ホタル
梅雨の季節あたりになると思い出すシーンがあります。
それは、家族でホタルを見に行った時こと。
小さいころ、結構生活リズムがきっちり決まった家庭に生まれ育ちました。
父は学校の先生で、母は専業主婦、わたしと2つ下の弟。
祖父母と一緒に、6人で暮らしていました。
父は学校の部活が忙しく、インターハイ常連校の先生で、国体の引率とかもしていて、お休みは正月とお盆の1日ずつだけ、なんて働き方をしていました。

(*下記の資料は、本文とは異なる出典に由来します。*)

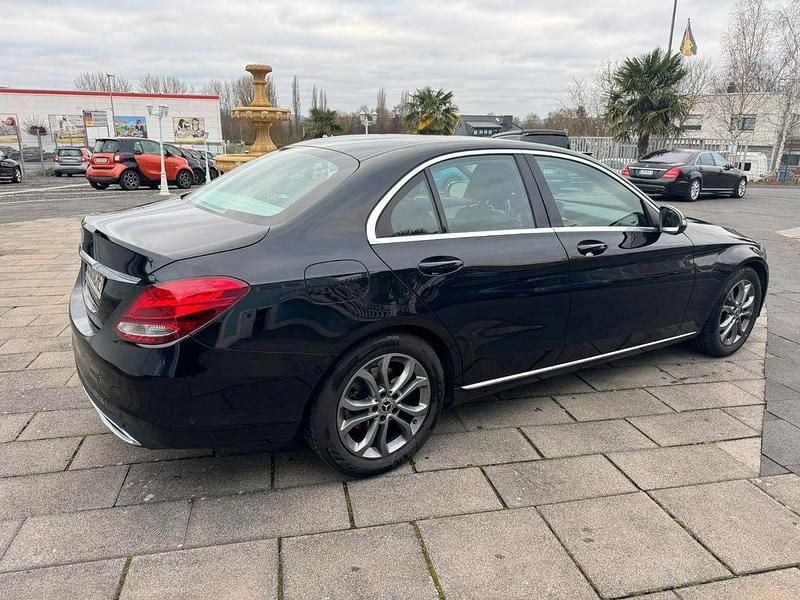 Gebraucht Mercedes C200 Avantgarde 184 PS (135 kW) 2017 Schwarz Limousine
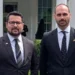 O ministro Alexandre de Moraes deu prazo de 15 dias para Eduardo Bolsonaro e Paulo Figueiredo apresentarem defesa sobre denúncia da PGR no STF. Eles são acusados de coação no curso do processo.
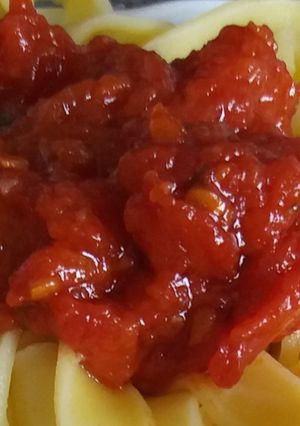 Una foto de Tomate frito natural🍅🌿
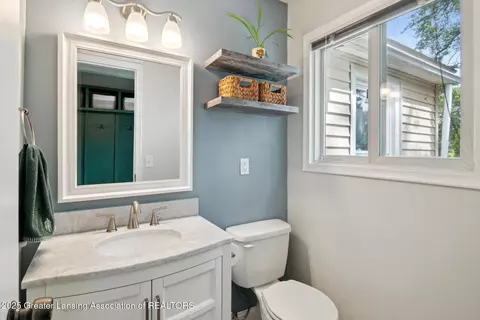 6244 Daft St, Lansing, MI 48911 photo 28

(1年で360日以上働いてるってヤバい…)
それでも、きちんと家族サービスをしてもらった記憶もあって、社会人になって思うと、父、スーパーマンか…!?
そんな家族サービスのひとつが冒頭のホタル。
教師仲間に教えてもらったらしい、車で1時間くらいの穴場まで、毎年この時期になると行くのが恒例でした。

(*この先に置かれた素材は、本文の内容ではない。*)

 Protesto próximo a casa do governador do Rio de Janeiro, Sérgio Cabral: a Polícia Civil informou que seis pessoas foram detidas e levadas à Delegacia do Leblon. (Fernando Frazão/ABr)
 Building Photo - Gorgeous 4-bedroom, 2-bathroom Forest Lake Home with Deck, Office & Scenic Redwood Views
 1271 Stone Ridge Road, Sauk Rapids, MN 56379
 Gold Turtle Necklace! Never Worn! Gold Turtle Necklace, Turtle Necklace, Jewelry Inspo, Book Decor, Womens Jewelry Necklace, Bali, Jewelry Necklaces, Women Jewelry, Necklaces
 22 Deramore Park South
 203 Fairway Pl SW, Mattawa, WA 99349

先述の通り、生活リズムがきっちりしている家庭で、暗くなってから出歩くなんてありえなかったんですけど、この時だけは別。
早めにお風呂に入って、父の帰りを待ちます。
父が帰ってきたら、父の車に敷布団とタオルケットを持って、家族みんなで乗り込み、ホタルの穴場へGO!
仕事帰りの父のために握っておいた大量のおにぎりをみんなでちょっとずつ食べて、車を走らせること1時間。

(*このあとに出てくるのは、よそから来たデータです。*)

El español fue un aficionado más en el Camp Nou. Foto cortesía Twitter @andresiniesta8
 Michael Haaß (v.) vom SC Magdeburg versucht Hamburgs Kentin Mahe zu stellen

蚊にくわれやすい弟の手足にしっかりと虫よけスプレーをして、車を降ります。
暗い上に足元が悪く、なおかつ草ボーボーの道を、車のライトを頼りに少し歩くと、ちらほらと漂うちいさな光。
そのあと父が車のライトを消すと、ちらほらどころかあちらこちらに漂うちいさな光が…!
手を伸ばすと乗ってくるし、頭にも乗ってくるし、服の上にもついてくる。
余談ですが、あの頃まだ携帯電話すらなくて、車のライトか懐中電灯が頼りでした…!
ひとしきり楽しんだら、弟もわたしもあくびを連発し始めます(笑)
それが帰ろうか、の合図。
服や髪にホタルが付いていないかしっかり確認して帰路へ。
しっかり確認したはずなのに、それでも車を走らせると1~2匹見つかるんですよね。
その場合は、窓を開けてそっと逃がします。
帰り道は持ち込んだ敷布団に寝転がってブランケットをかけて、弟とわたしは夢の中。
たまにマクドナルドのドライブスルーに寄ろうか、と言われると眠気は飛んでいってテンションMAX!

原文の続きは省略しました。